Travelers who want an authentic experience in Sardinia are encouraged to try casu marzu. It’s a cheese made from sheep milk that contains hundreds of live maggots, which are introduced into it during the fermentation process. For most American tourists, the visual alone ends the experiment. The combination of live movement and strong fermented smell places this squarely in the category of foods that feel simply impossible, regardless of what the taste might actually be.
8. Sannakji (Live Octopus) – South Korea

Sannakji is a Korean dish featuring live octopuses cut up and served immediately, often still squirming on the plate. The dish raises animal welfare concerns and also poses a potential choking hazard if not chewed properly. That last detail is worth taking seriously – the suction cups on freshly cut tentacles can adhere to the throat, and Korean diners who eat sannakji regularly know to chew thoroughly and deliberately.
Sannakji features live octopus tentacles still wriggling on the plate, and for most American visitors, the movement is the central problem. Food that visibly reacts to being picked up doesn’t fit into any category of eating most Americans were raised with. The dish is considered fresh and clean by Korean standards, prized for its texture and oceanic flavor, but the gap between that cultural context and the American baseline is difficult to bridge quickly.
9. Stinky Tofu – Taiwan and China

Stinky tofu is exactly what the name suggests. A fermented tofu preparation common across Taiwan and parts of China, it’s produced by soaking tofu in a brine of fermented milk, vegetables, and sometimes seafood for anywhere from a few days to several months. The result is a pungent, deeply funky smell that precedes the food by a wide margin. Travelers may find that even some familiar foods are far more pungent and powerful abroad. American dairy, for instance, is processed to the point where flavors are largely neutralized – not so in much of the rest of the world, where less aggressive processing preserves the original intensity of the ingredients. Stinky tofu operates at the far end of that spectrum.
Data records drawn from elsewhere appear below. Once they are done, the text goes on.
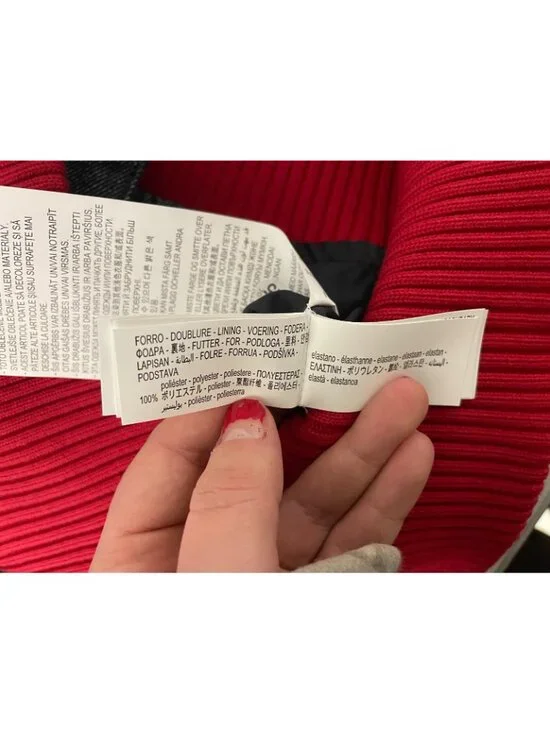 Zara Disney Harry Lambert Men Jean Jacket Bomber M Blue Denim 1300/330 NWT - Picture 14 of 16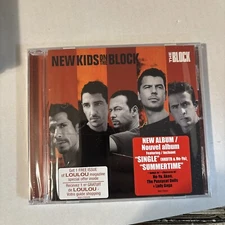 NEW KIDS ON THE BLOCK The Block Original CD 2008 New Sealed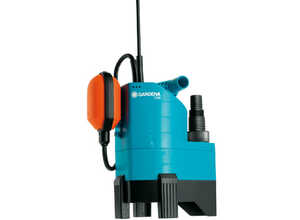 Pompe d'évacuation pour eaux chargées 7500 Classic GARDENA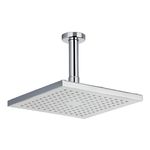 Chuveiro de Teto Quadrado Viscaya 20cm - Fabrimar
Night markets across Taiwan serve it hot and crispy, and local diners eat it with straightforward enjoyment. For a true adventurous food experience, visiting night markets in Taiwan for stinky tofu stands as one of the bolder options available to traveling food lovers. For American tourists who encounter it unprepared, the smell typically triggers an immediate retreat. Those who stay and actually eat it often report that the flavor is much milder than the aroma implied – a gap between expectation and reality that could be said about most of the foods on this list.
What nearly all nine of these foods share is a straightforward logic within their home cultures. They’re not provocations or extreme novelties – they’re meals with deep roots, practical origins, and loyal communities of people who find them genuinely delicious. The unease an American tourist feels is less about the food itself and more about the distance between what they grew up eating and what the rest of the world considers normal. That distance is real, but it’s also worth crossing, even if only one careful bite at a time.